Web page caption snippets
○ ○ ○ ○ ○

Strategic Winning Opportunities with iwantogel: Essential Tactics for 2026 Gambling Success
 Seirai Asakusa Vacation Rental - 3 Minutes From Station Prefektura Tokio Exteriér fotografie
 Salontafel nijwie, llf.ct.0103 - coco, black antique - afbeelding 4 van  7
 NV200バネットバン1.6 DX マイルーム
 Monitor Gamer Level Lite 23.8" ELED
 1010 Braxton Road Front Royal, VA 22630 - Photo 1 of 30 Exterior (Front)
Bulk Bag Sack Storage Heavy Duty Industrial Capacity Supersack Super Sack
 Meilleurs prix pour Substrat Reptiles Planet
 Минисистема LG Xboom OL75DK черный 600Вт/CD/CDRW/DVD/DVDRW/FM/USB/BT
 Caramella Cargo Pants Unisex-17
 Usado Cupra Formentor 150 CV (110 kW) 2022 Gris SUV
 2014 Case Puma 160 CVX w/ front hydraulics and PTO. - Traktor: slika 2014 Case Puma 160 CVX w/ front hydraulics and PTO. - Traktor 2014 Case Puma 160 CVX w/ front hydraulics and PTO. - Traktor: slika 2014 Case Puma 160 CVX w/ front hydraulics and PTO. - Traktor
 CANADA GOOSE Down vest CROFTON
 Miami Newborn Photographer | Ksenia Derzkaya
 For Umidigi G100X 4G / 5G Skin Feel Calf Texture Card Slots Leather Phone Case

○ ○ ○ ○ ○

Nothing in the records may change; output all of them exactly.

Strategic Winning Opportunities with iwantogel: Essential Tactics for 2026 Gambling Success
 Seirai Asakusa Vacation Rental - 3 Minutes From Station Prefektura Tokio Exteriér fotografie
 Salontafel nijwie, llf.ct.0103 - coco, black antique - afbeelding 4 van  7
 NV200バネットバン1.6 DX マイルーム
 Monitor Gamer Level Lite 23.8" ELED
 1010 Braxton Road Front Royal, VA 22630 - Photo 1 of 30 Exterior (Front)
Bulk Bag Sack Storage Heavy Duty Industrial Capacity Supersack Super Sack
 Meilleurs prix pour Substrat Reptiles Planet
 Минисистема LG Xboom OL75DK черный 600Вт/CD/CDRW/DVD/DVDRW/FM/USB/BT
 Caramella Cargo Pants Unisex-17
 Usado Cupra Formentor 150 CV (110 kW) 2022 Gris SUV
 2014 Case Puma 160 CVX w/ front hydraulics and PTO. - Traktor: slika 2014 Case Puma 160 CVX w/ front hydraulics and PTO. - Traktor 2014 Case Puma 160 CVX w/ front hydraulics and PTO. - Traktor: slika 2014 Case Puma 160 CVX w/ front hydraulics and PTO. - Traktor
 CANADA GOOSE Down vest CROFTON
 Miami Newborn Photographer | Ksenia Derzkaya
 For Umidigi G100X 4G / 5G Skin Feel Calf Texture Card Slots Leather Phone Case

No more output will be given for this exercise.